*** Available data ***

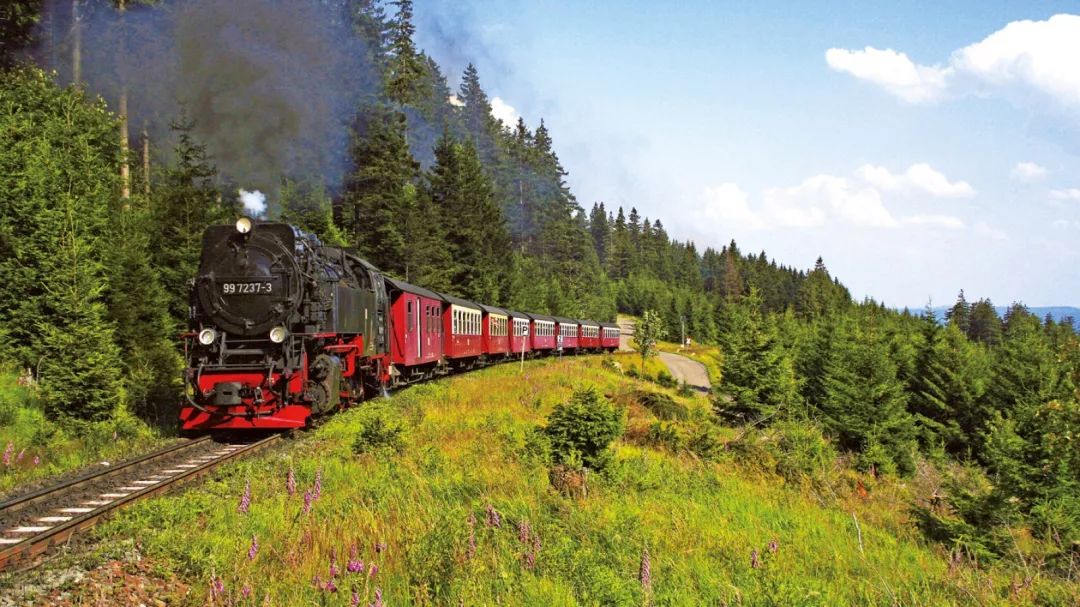 住在童话世界里,住在童话世界里的人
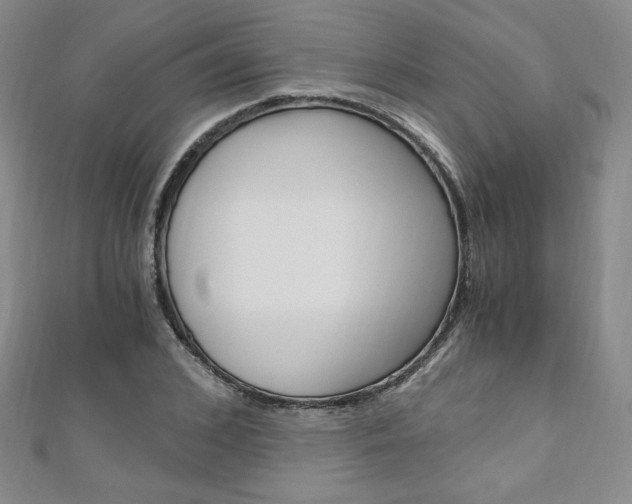 X0000110890976200906181002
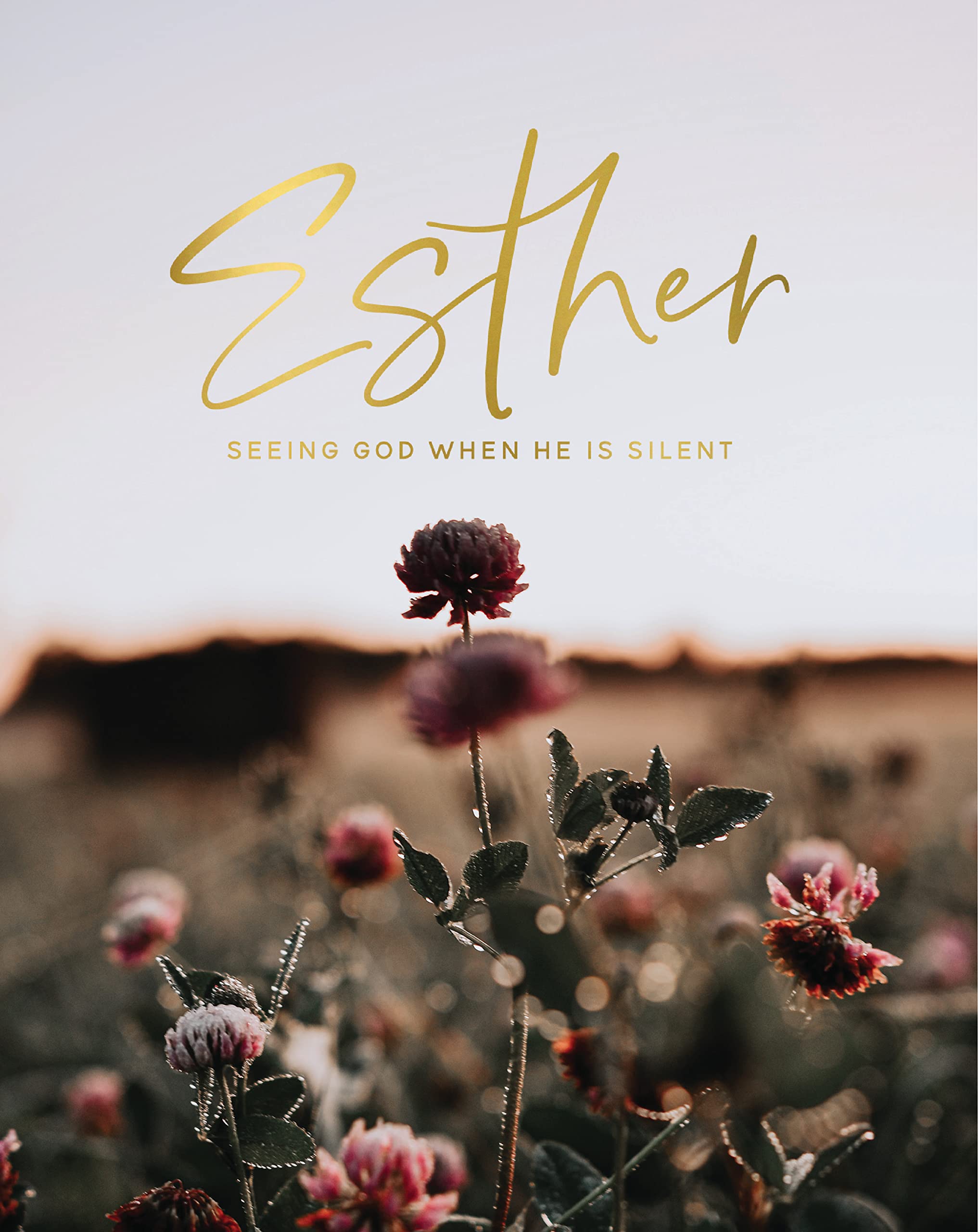 Esther: Seeing God When He Is Silent (Paperback)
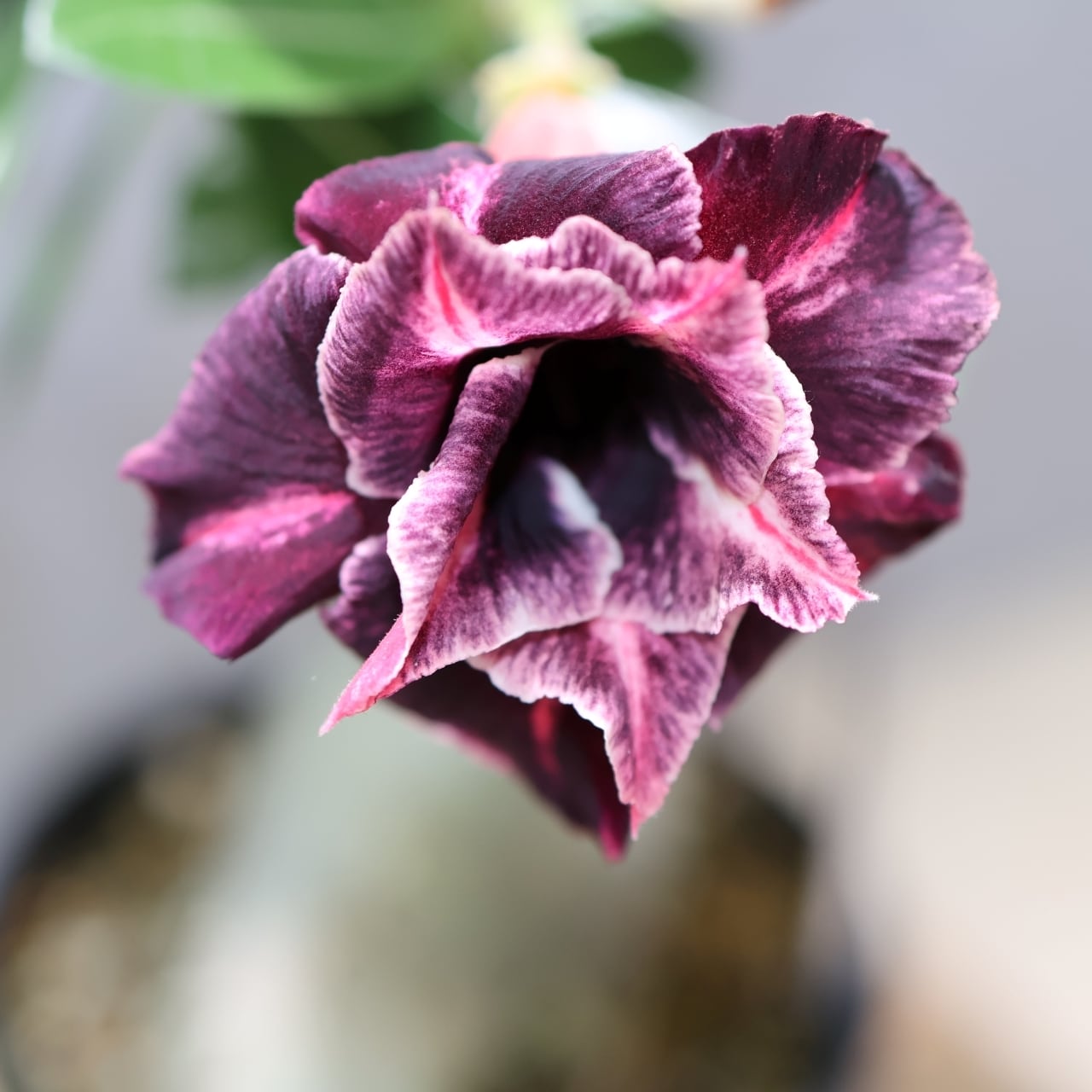 318 その花に目を奪われる『アデニウム KN185』観葉植物 【送料無料
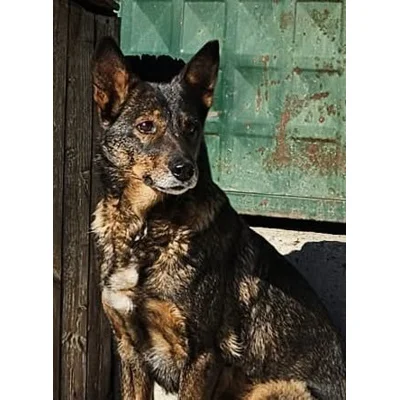 Shannon - Annual booster vaccination 2026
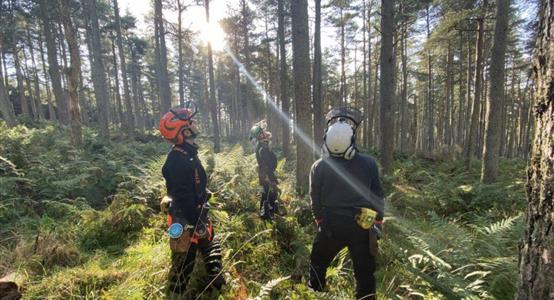 Horticultural 3 Week Block Course
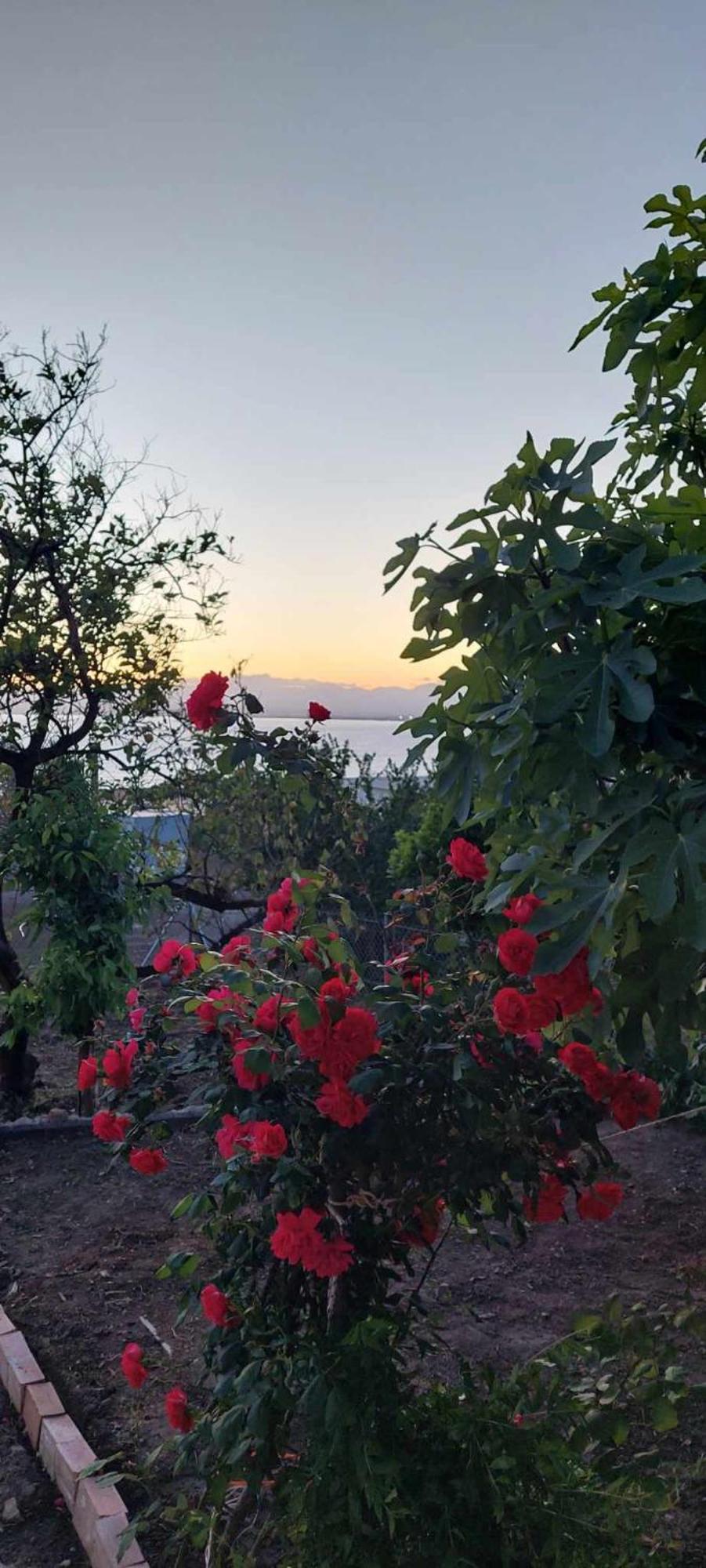 Panorama Studio Каламата Экстерьер фото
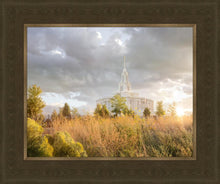 Load image into Gallery viewer, Payson Sunflowers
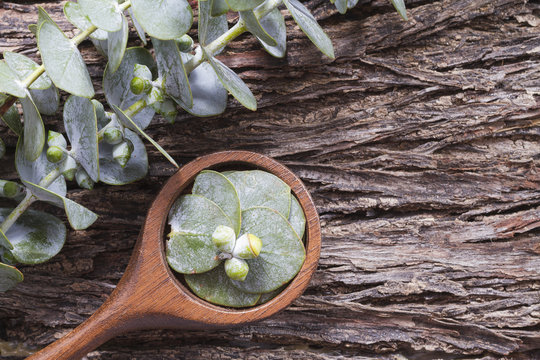 oil and eucalyptus holas, The essential oil of eucalyptus leaves is used as a nasal decongestant and to combat respiratory infections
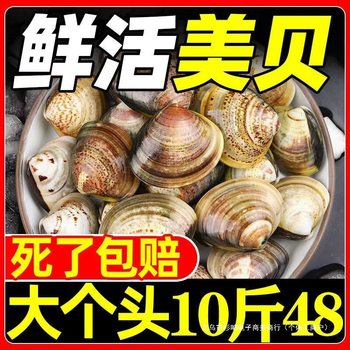 [Fresh Clams]Fresh and Sand-Free Beautiful Clams, Wild Seafood Clams, Aquatic Shellfish with Free Shipping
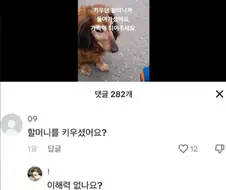 설명 하기 어려운 유머.jpg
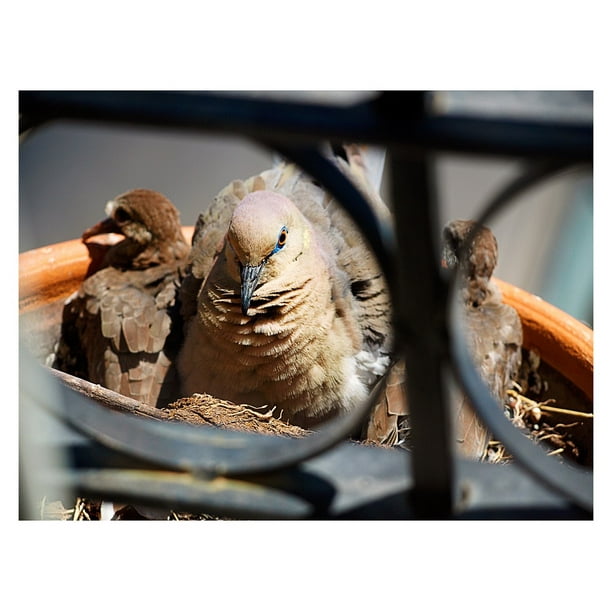 Bird S Nest Mom Nature Baby Pigeon Eye Head Bird Inch By 30 Inch Laminated Poster With Bright Colors And Vivid Imagery Fits Perfectly In Many Attractive Frames Walmart Com Walmart Com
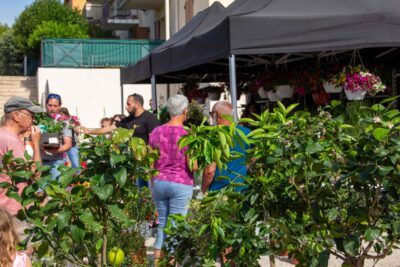 Agrandir l'image 4 sur 6, fenêtre modale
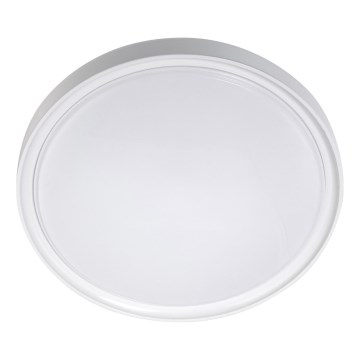 LED Loftlampe LED/18W/230V Ø 30 cm hvid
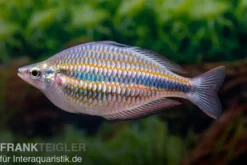 Goydor-River-Regenbogenfisch, Melanotaenia trifasciata "Goydor River", 4-6 cm DNZ
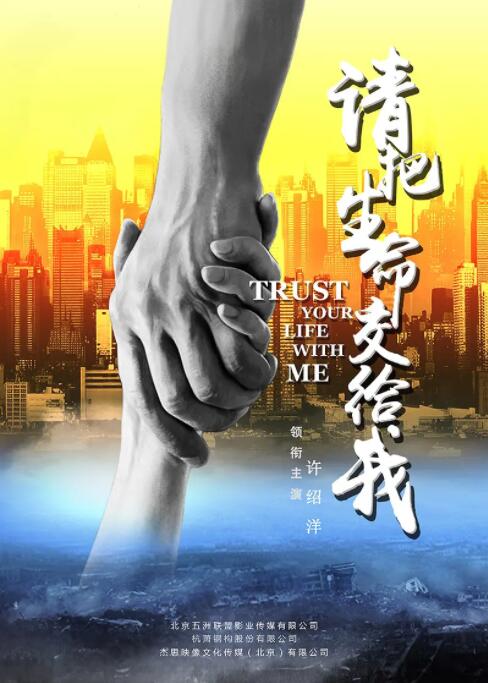 请把生命交给我海报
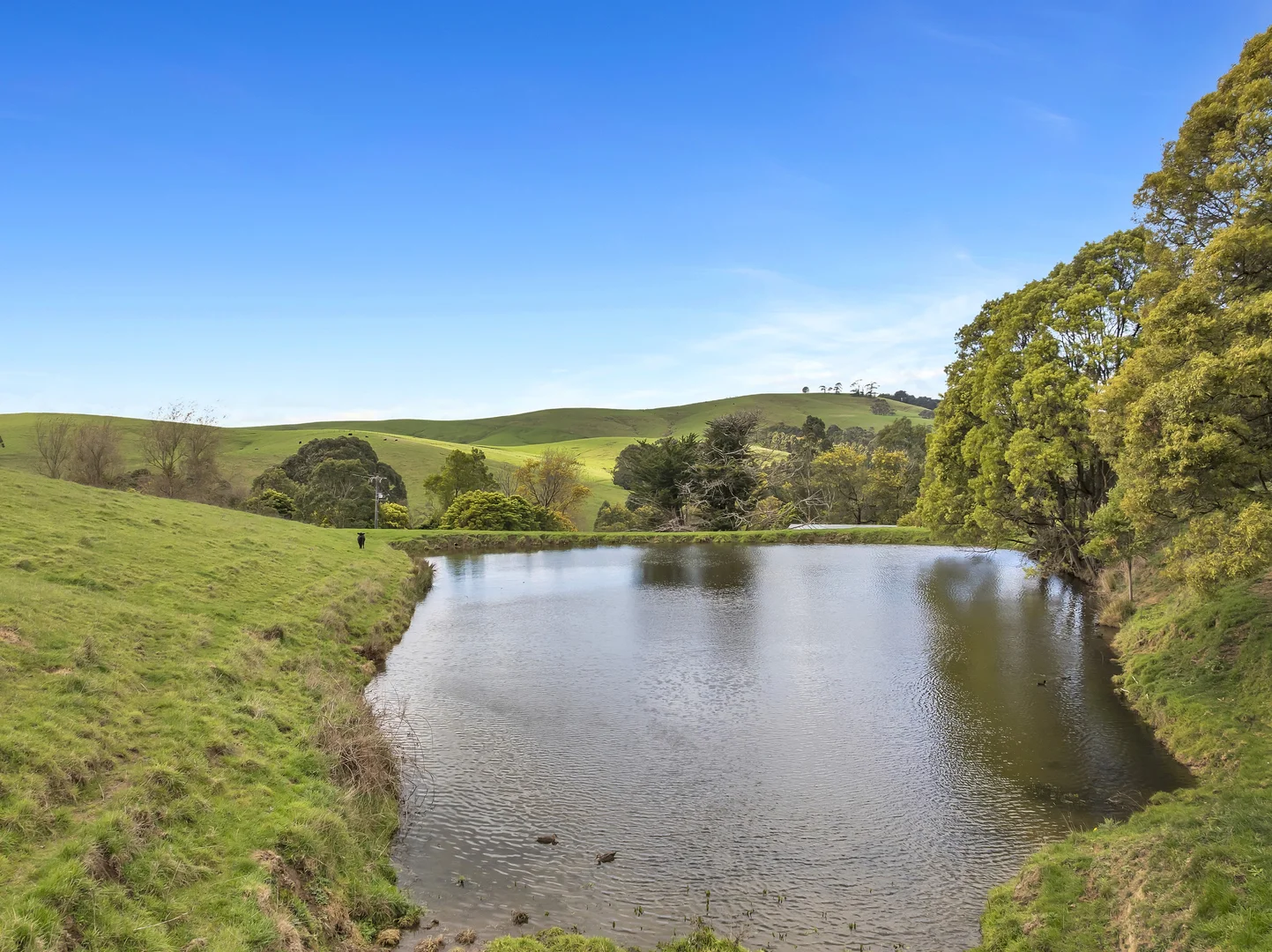 Additional image 19 of 210 Tozer Road, Almurta VIC 3979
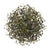 Sencha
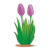 Two Purple Tulips Color PNG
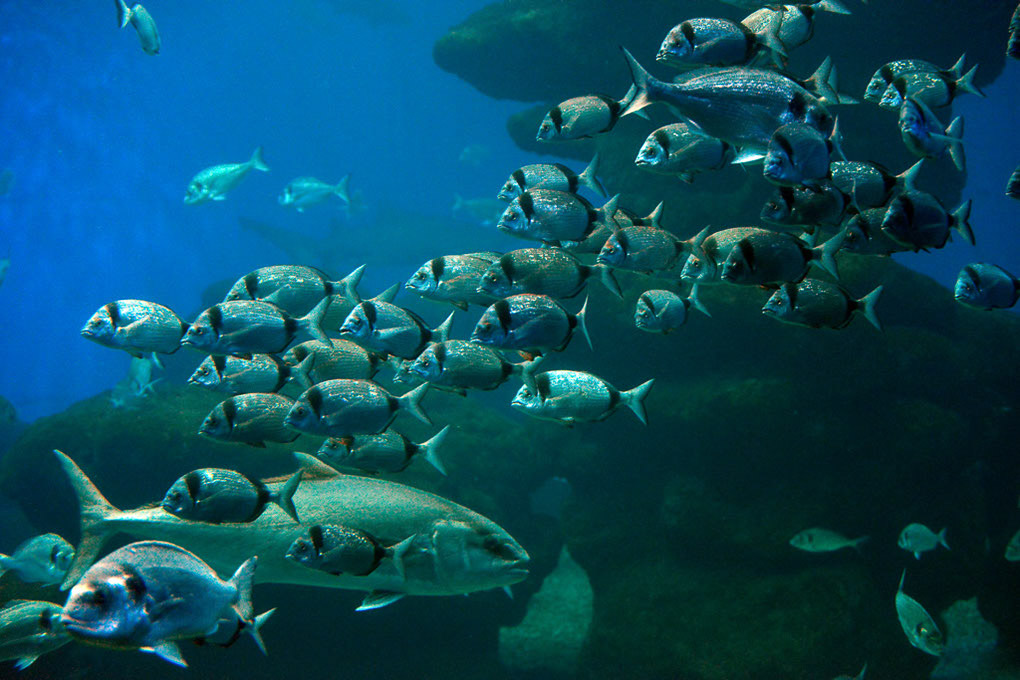 Fischschwarm im Becken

*** End of Available data ***

**Problem details**
For this exercise, return the records above in full and exactly, omitting the images.

**Result**
 住在童话世界里,住在童话世界里的人
 X0000110890976200906181002
 Esther: Seeing God When He Is Silent (Paperback)
 318 その花に目を奪われる『アデニウム KN185』観葉植物 【送料無料
 Shannon - Annual booster vaccination 2026
 Horticultural 3 Week Block Course
 Panorama Studio Каламата Экстерьер фото
 Load image into Gallery viewer, Payson Sunflowers
 oil and eucalyptus holas, The essential oil of eucalyptus leaves is used as a nasal decongestant and to combat respiratory infections
 [Fresh Clams]Fresh and Sand-Free Beautiful Clams, Wild Seafood Clams, Aquatic Shellfish with Free Shipping
 설명 하기 어려운 유머.jpg
 Bird S Nest Mom Nature Baby Pigeon Eye Head Bird Inch By 30 Inch Laminated Poster With Bright Colors And Vivid Imagery Fits Perfectly In Many Attractive Frames Walmart Com Walmart Com
 Agrandir l'image 4 sur 6, fenêtre modale
 LED Loftlampe LED/18W/230V Ø 30 cm hvid
 Goydor-River-Regenbogenfisch, Melanotaenia trifasciata "Goydor River", 4-6 cm DNZ
 请把生命交给我海报
 Additional image 19 of 210 Tozer Road, Almurta VIC 3979
 Sencha
 Two Purple Tulips Color PNG
 Fischschwarm im Becken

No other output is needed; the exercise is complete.